We know the story of how Bumblebee the Autobot met Sam Witwicky and helped Optimus Prime save the world, but Bee’s story goes back further, back to the 80s when he was forced to flee his home world of Cybertron to keep the rebellion alive against the evil Decepticon army. Bee was damaged, alone, went into hiding, but was accidentally discovered by a special teenage girl named Charlie, a young woman who felt Bee’s loneliness only too keenly and so sparked a friendship with this old, beat-up car/creature who could neither talk nor remember. But that didn’t stop Charlie and Bee from becoming fast friends, and working together to save not only Cybertron, but Earth as well. The Decepticons came looking for Bee in order to find the location of the rest of the Autobots, hidden somewhere in the galaxy but planning to use the human world as a rallying point. Our heroic duo will have to face evil robot scouts, stave off the U.S. government, and stick together through it all, no matter how grave the danger.
Bumblebee has been called the obvious best Transformers film, the one we’ve been waiting for, but while I do think it’s head and shoulders better than the awful servings we’ve been handed by the franchise for years, I have to disagree and point to the one that started it all. The original 2007 Transformers is a good movie, not a great movie, but a good movie, and I’d say, if I had to hold the two up next to each other, that the first its slightly better than the most recent. There’s no doubt that this latest attempt is much more successful than most in the series, but we forget that Shia was once the greatest thing since sliced bread, and that his relationship with a cool robot named Bumblebee wowed us, complete with tunes and true friendship. That the story has basically been redone doesn’t bother me at all; it’s different enough, it’s new enough, it’s cool enough, but we need to stop pretending that we’ve never seen a quality Transformers movie; it’s just been a while.
I liked most of what was done in the film, even if a ton of it was borrowed, because you can never have too much lovable machine meets angsty teen, that plot just draws us in, even knowing that we’ve seen it all before.
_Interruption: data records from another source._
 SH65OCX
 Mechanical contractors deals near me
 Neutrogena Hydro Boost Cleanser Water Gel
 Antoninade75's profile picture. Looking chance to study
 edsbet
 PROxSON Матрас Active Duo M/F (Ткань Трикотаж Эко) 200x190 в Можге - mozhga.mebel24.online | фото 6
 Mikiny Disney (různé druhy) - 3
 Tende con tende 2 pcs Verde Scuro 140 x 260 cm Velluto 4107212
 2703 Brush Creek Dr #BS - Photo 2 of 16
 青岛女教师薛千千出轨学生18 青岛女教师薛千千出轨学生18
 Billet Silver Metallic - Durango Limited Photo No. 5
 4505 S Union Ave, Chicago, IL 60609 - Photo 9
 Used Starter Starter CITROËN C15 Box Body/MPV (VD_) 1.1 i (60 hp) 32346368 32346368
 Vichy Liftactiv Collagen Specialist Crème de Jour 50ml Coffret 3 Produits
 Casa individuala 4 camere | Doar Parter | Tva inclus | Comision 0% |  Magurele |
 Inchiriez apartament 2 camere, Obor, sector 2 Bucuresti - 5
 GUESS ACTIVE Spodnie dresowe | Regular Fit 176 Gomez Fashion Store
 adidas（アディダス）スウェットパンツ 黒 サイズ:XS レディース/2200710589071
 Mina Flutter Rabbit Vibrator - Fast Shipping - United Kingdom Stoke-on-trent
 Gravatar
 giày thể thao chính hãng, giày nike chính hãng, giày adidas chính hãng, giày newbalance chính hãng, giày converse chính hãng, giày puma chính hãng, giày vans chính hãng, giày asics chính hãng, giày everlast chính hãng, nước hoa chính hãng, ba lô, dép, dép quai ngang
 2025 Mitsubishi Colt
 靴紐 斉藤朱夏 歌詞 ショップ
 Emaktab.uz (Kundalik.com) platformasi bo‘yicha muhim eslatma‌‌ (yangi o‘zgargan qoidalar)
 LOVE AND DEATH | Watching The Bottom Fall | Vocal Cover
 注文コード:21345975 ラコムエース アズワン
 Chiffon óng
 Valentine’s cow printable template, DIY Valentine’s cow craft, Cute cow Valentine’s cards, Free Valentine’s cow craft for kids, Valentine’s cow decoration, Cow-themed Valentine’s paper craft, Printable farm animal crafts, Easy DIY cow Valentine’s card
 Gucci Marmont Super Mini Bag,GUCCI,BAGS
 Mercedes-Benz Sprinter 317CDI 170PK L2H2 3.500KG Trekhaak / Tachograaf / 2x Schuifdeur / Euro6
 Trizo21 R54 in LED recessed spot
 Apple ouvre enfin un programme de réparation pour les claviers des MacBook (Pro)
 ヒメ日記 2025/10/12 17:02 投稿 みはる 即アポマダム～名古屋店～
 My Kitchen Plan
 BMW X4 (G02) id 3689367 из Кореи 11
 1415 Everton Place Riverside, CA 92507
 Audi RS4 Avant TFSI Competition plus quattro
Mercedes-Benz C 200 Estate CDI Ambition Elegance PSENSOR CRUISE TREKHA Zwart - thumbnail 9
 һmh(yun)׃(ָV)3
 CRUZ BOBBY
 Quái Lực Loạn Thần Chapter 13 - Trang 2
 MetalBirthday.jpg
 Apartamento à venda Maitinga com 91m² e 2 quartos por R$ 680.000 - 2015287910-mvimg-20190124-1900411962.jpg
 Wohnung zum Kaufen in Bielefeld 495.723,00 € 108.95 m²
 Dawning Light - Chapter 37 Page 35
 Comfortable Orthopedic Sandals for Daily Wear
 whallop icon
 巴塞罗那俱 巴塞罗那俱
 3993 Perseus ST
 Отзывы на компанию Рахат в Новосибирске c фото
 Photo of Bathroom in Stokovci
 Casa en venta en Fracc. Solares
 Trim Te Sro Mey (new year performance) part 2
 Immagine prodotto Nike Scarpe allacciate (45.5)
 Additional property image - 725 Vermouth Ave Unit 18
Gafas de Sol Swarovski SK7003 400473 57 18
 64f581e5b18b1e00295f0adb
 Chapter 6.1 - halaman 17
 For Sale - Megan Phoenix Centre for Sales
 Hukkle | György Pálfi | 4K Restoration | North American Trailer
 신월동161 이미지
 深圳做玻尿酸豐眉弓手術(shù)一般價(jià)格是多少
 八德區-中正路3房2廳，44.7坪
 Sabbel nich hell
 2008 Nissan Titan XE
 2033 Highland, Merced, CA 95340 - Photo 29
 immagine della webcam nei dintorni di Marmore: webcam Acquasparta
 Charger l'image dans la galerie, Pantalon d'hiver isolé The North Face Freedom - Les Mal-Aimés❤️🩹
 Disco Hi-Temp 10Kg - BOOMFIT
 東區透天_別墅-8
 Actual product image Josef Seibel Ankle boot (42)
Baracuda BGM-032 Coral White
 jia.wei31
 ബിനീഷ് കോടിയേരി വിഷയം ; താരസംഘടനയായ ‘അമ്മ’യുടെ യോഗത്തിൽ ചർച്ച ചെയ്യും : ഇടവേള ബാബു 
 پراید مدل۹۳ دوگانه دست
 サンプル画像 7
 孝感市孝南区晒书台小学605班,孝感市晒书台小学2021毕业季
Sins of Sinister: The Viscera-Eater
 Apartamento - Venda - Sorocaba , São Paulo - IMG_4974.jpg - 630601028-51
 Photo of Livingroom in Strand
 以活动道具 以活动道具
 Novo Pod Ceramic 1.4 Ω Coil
The two troubled individuals, how they form to become something more, the team that triumphs, the lessons learned along the way; it might be sappy, but I don’t mind it, and I doubt most audiences do either, we’re fine with a bit of fluff if it comes from the right place. Add in some action, some cool cars, an intergalactic plot, and we’re along for the ride. But it’s the filler between the chunks that bothered me, and I couldn’t stop noticing it oozing out to reveal a tremendous amount of large gaps. Mainly, I blame the acting, which, apart from Hailee, was horrendous. John Cena? Really? He’s awful, utterly awful, and if he’d had one line as a throwaway soldier we might have been OK, but the guy hung around, and he couldn’t act his way out of a paper bag. John Ortiz was just as hideous, they weren’t helped by their lines, and neither was Charlie’s family, which was pathetic and embarrassing all around. The added ingredients were rotten, even if the meat was tender, so how do you judge the soup? As better than the last one you tasted, and therefore excellent? No, not me, I’m not going to pretend we just saw a savior, because I know better, and you should too.